Il giudizio sulle proporzioni secondo la normativa UNI viene attribuito solo a diamanti rotondi a brillante di massa pari o superiore a 0,30 carati.
Per quanto riguarda forme e stili diversi da quella a brillante rotondo, che per brevità chiameremo tagli “fantasia”, nel settore non esiste concordanza sulle proporzioni preferibili. Di conseguenza, il campo di variazione è molto più ampio. Per esempio, nel taglio cosiddetto “a smeraldo” sono comuni proporzioni con percentuali di tavola oltre il 70%: un valore inusuale per il taglio a brillante, per il quale la percentuale di tavola è compresa nella maggior parte dei casi fra il 55 e il 65%.
Nelle altre forme la variabilità dei diversi elementi è ancora più ampia. L’armonia dei tagli “fantasia” secondo alcuni operatori di settore dipende in particolare dal rapporto fra lunghezza e larghezza, ossia la proporzione numerica fra le due dimensioni che varia a seconda delle diverse forme. Alcuni rapporti lunghezza/larghezza sono più piacevoli e riscuotono la preferenza del pubblico; di conseguenza sono diventati standard per i tagliatori. Per la forma ovale, ad esempio, il rapporto preferito è compreso fra 1,33:1 e 1,66:1, per la forma a navetta rientra fra 1,75:1 e 2,25:1, e così via.
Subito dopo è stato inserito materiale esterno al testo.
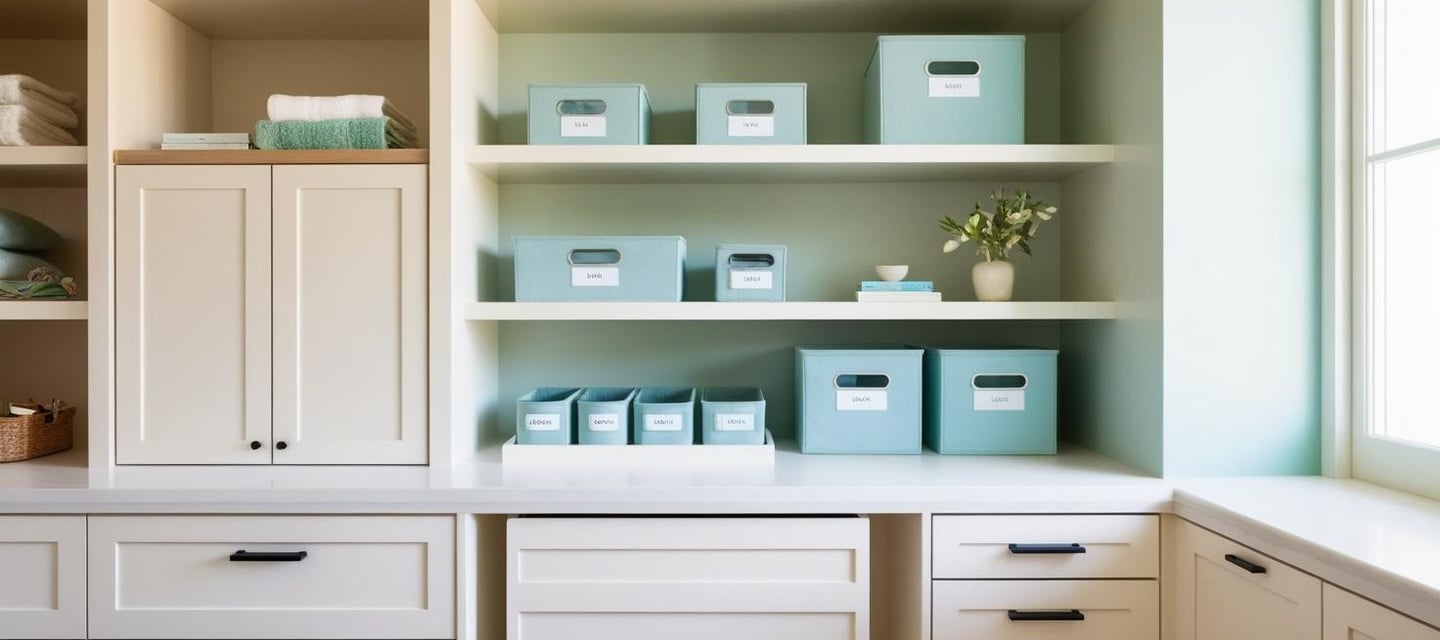 Modern home office setup with intentional storage and clean visual flow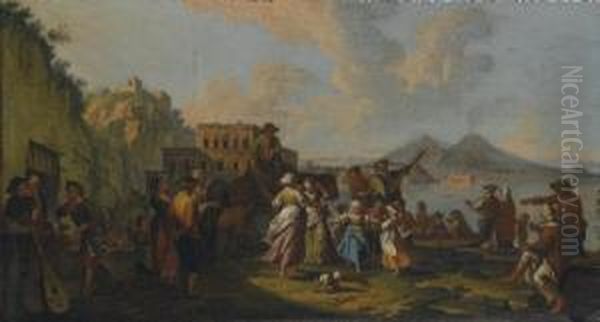 Tarantella A Palazzo Donn'anna Sullo Sfondo Del Vesuvio Oil Painting by Pietro Fabris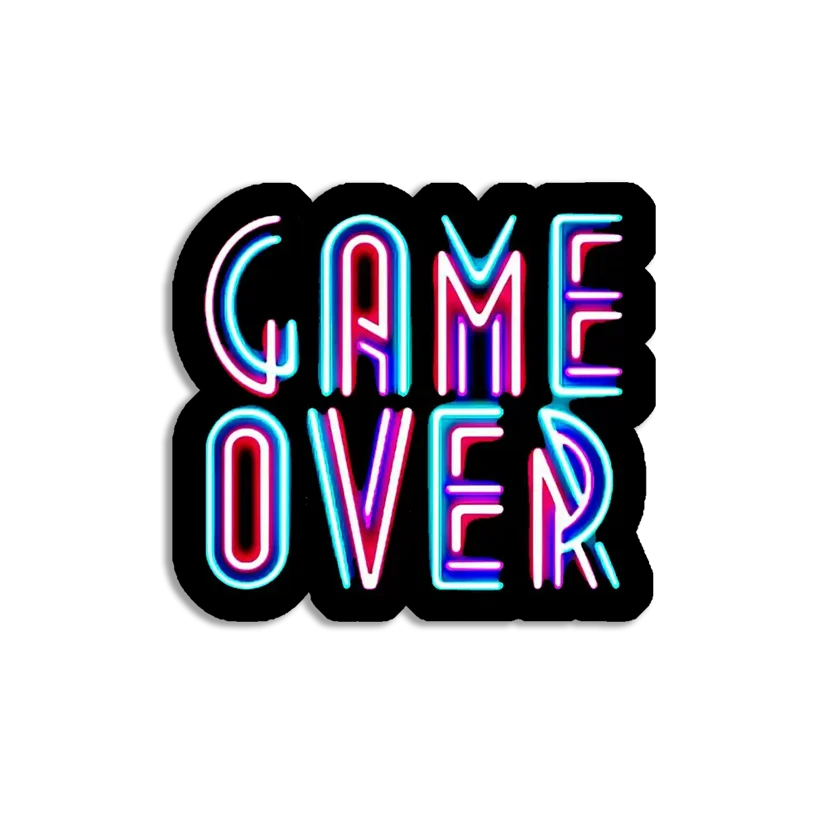Neon Game Over Sign Sticker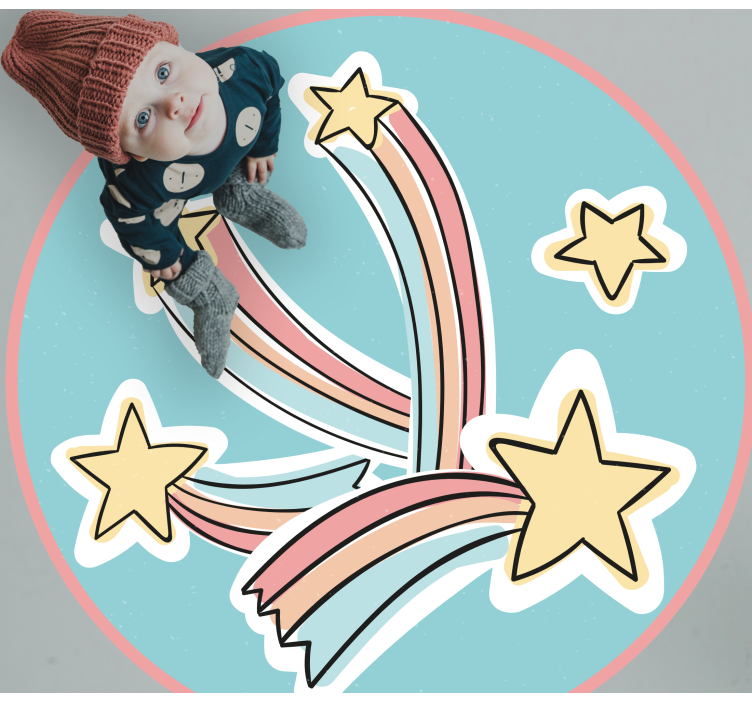 Tappeto vinile per bambini stelle arcobaleno colorate - TenStickers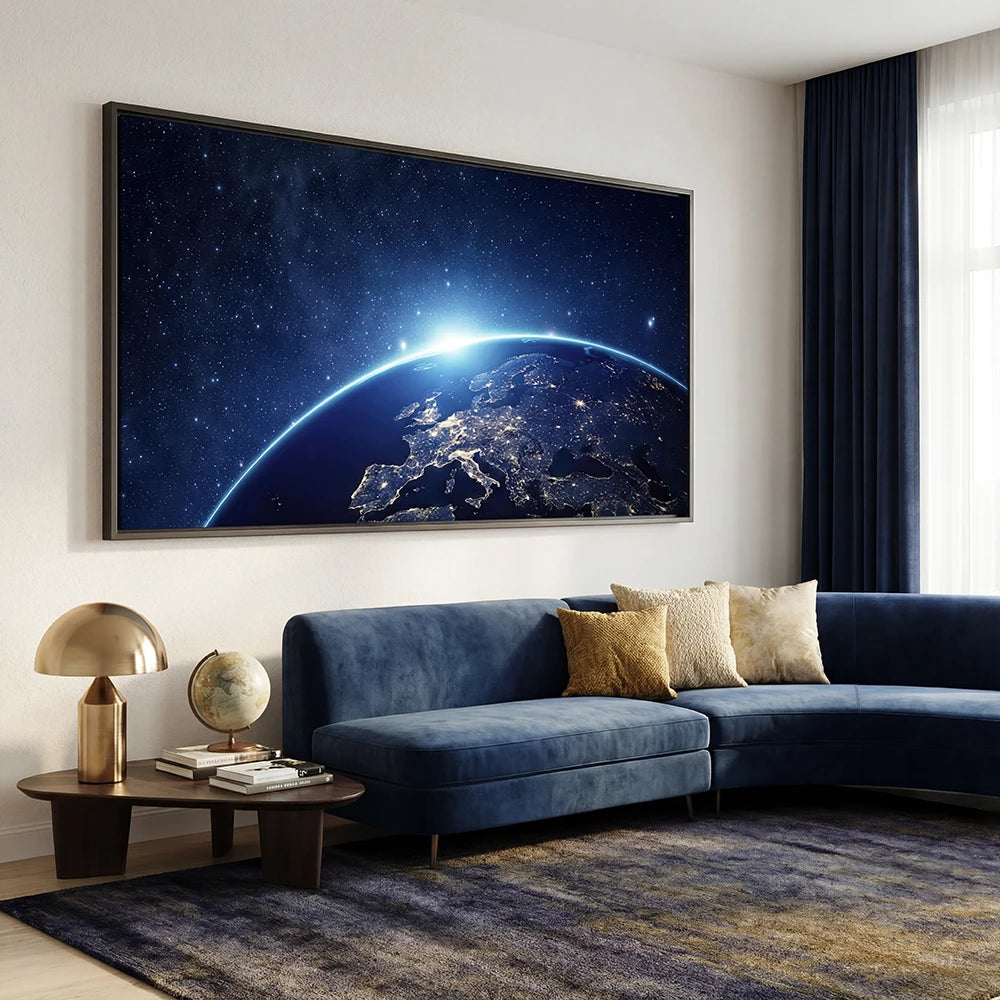 tableau terre vue de l’espace europe illumination nocturne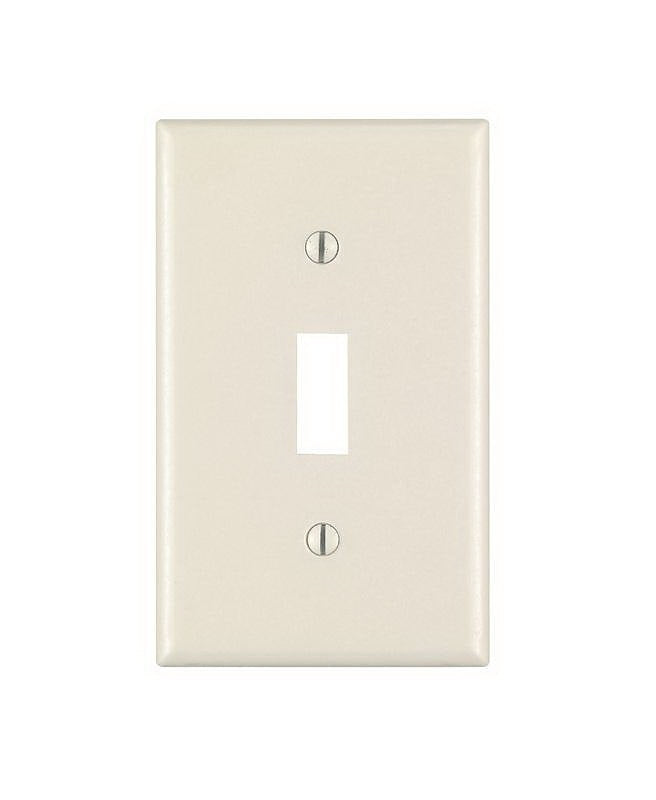 LEVITON Leviton 010-78001-000 Wallplate, Standard-Size, 4-1/2 in L, 2-3/4 in W, 1-Gang, Thermoset, Light Almond, Smooth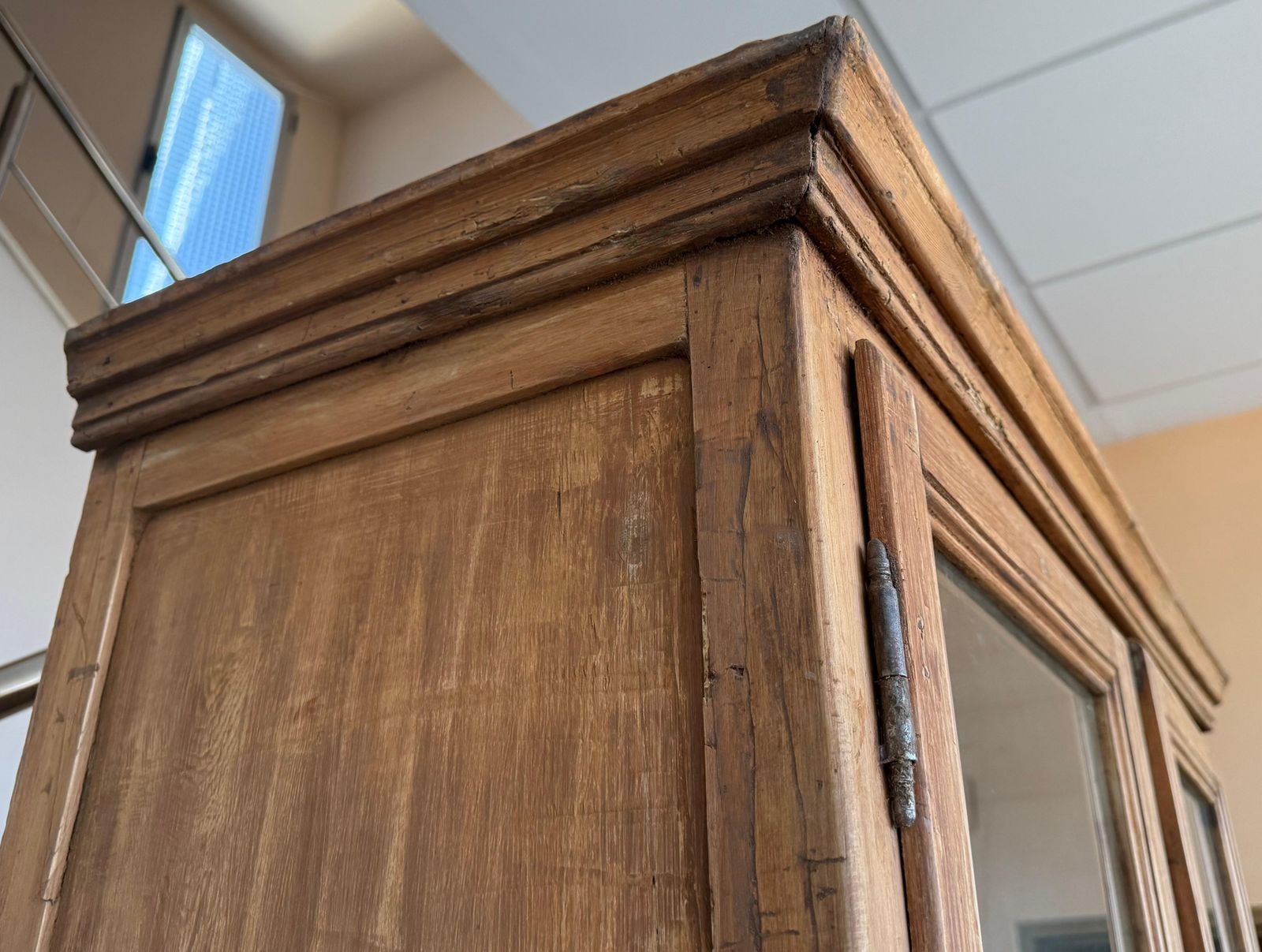 19th Century Large & Narrow Cupboard Or Bookcase With Glass Vitrine, Pine photo vintage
Al di fuori di questi parametri, le forme si presenterebbero troppo corte e tozze oppure troppo lunghe e sottili.
Discorso a sé è il cosiddetto “taglio vecchio”, categoria che raggruppa quei diamanti tagliati rotondi o a cuscino con lo stile e le proporzioni che costituiscono gli immediati precursori del brillante moderno, precedente l’avvento di strumenti di taglio innovativi, come la sega circolare diamantata, e gli studi matematici delle proporzioni dei primi decenni del XX secolo. Questi diamanti presentano tavole piccole, apici molto ampi, storicamente noti come tavole inferiori, e sono piuttosto alti. Benché agli occhi di alcuni posseggano il fascino della “patina del tempo”, spesso vengono ritagliati per omologarli al gusto attuale, rendendoli così più commerciali. Il valore di questi old cuts viene rapportato al peso stimato finale successivo al restyling.
Naturalmente i diamanti d’epoca sono esenti dai giudizi sulle proporzioni, che sarebbero impietosi, non essendo appunto parametrabili ai criteri odierni.
Ancora oggi capita di sentir parlare di “taglio Amsterdam”. Il nome deriva dal fatto che la capitale olandese è stata nei secoli passati un centro internazionale del taglio dei diamanti, prima di cedere la corona ad Anversa. Di fatto, però, non esistono specifici parametri matematici proporzionali che identifichino un taglio Amsterdam.
Al contrario, il cosiddetto “Taglio Ideale Americano” si basa su una gamma ristretta di parametri proporzionali ben definiti. Nel 1919 Marcel Tolkowsky pubblicò a Londra Diamond Design, il primo studio delle proporzioni di taglio basato su fondamenti matematici e sulle conoscenze ottiche dell’epoca. Questo modello, diverso dal tipico aspetto dei vecchi tagli ancora prevalenti a quel tempo, e che divenne noto appunto come American Ideal Cut, Tolkowsky Cut o Modern Brilliant Cut, supportava matematicamente le nuove tendenze che si stavano affacciando allora sul mercato, soprattutto negli Stati Uniti. Il lavoro di Tolkowsky fu un contributo fondamentale per l’affermazione del brillante rotondo standard.
Misure, angoli, proporzioni e percentuali possono far apparire meno romantico e attraente il fattore Taglio rispetto a Colore e Caratteristiche Interne. Eppure l’aspetto complessivo del diamante sfaccettato è il risultato delle relazioni fra questi elementi: l’armonia e la sua bellezza dipendono da un delicato equilibrio di tutte le parti che lo compongono. Per questo la quarta C, un fattore complesso, quasi mai pienamente compreso, dovrebbe riscuotere più attenzione nell’apprezzamento di un diamante.
Il taglio è il risultato del lavoro di professionisti specializzati, i tagliatori, la cui opera è oggetto del giudizio di altri professionisti altrettanto specializzati, i gemmologi.